> Assignment
For this exercise, copy exactly every line from the one holding "Bellelievers Cebu tweet media" through the end of the data, both included. Omit pictures.

> Information shown
________
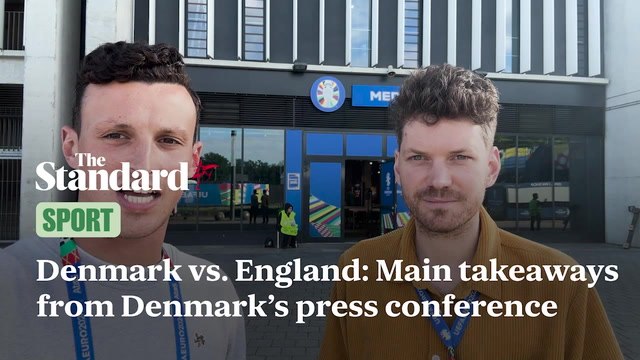 Denmark vs. England: Main takeaways from Denmark's press conference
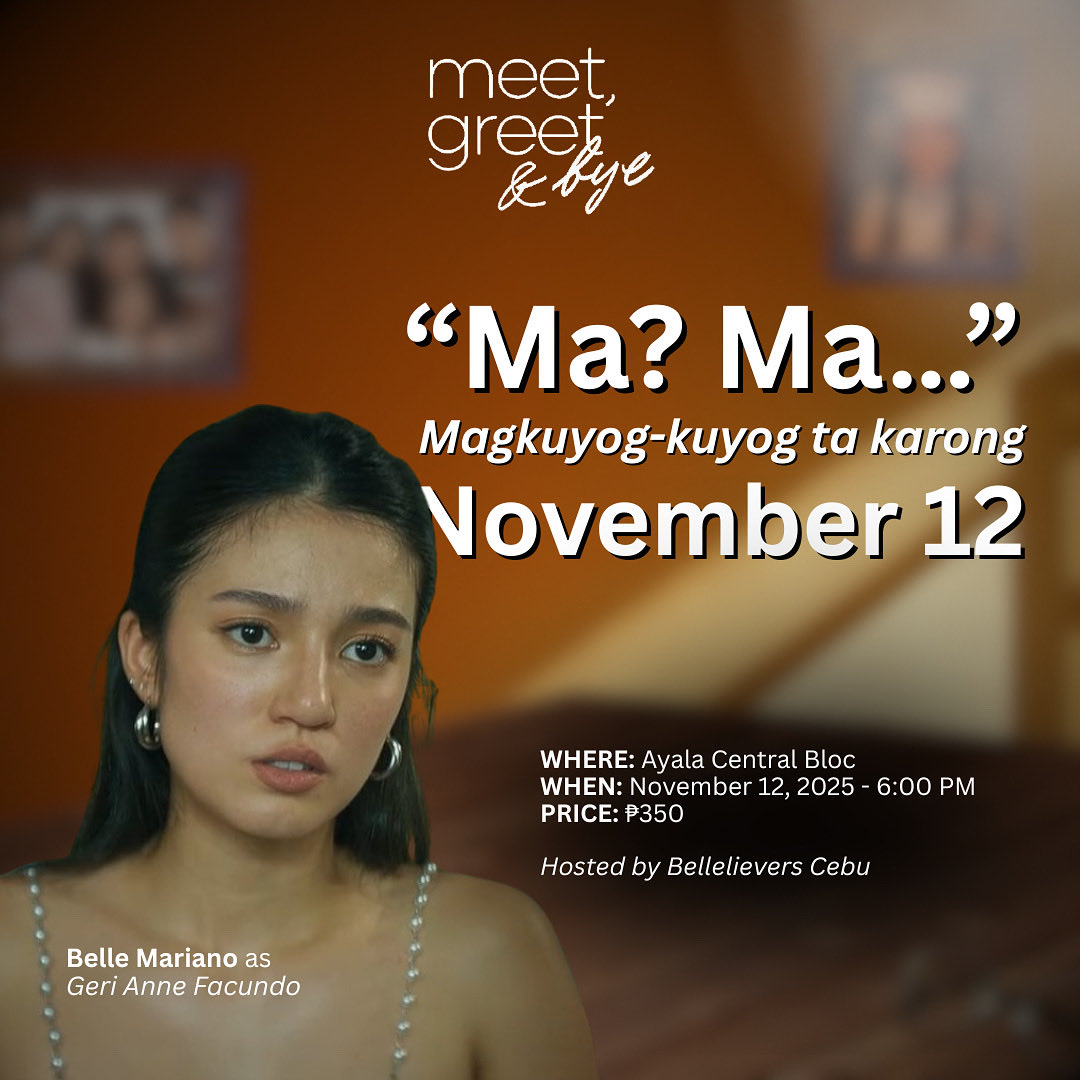 Bellelievers Cebu tweet media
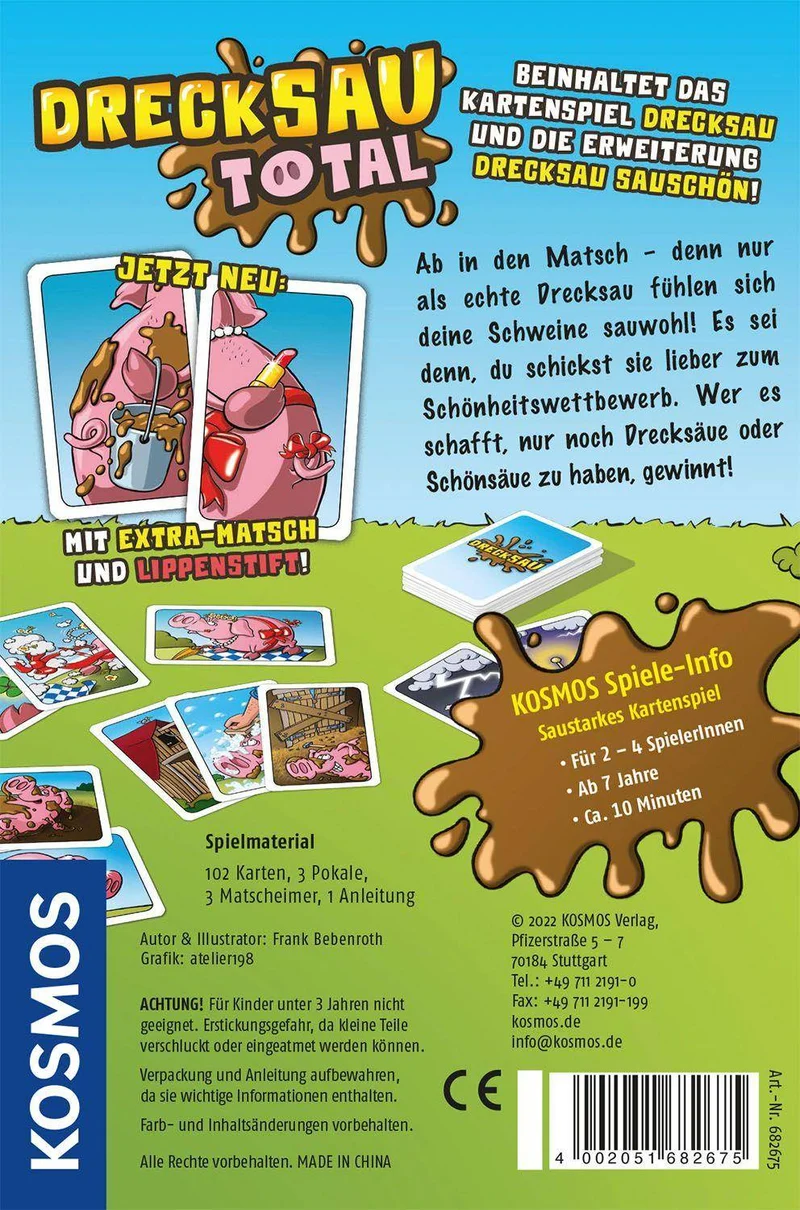 Drecksau total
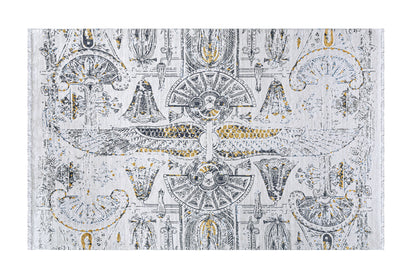 Kahhal Looms Wings Hand-Knotted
________
> Response area
 Bellelievers Cebu tweet media
 Drecksau total
 Kahhal Looms Wings Hand-Knotted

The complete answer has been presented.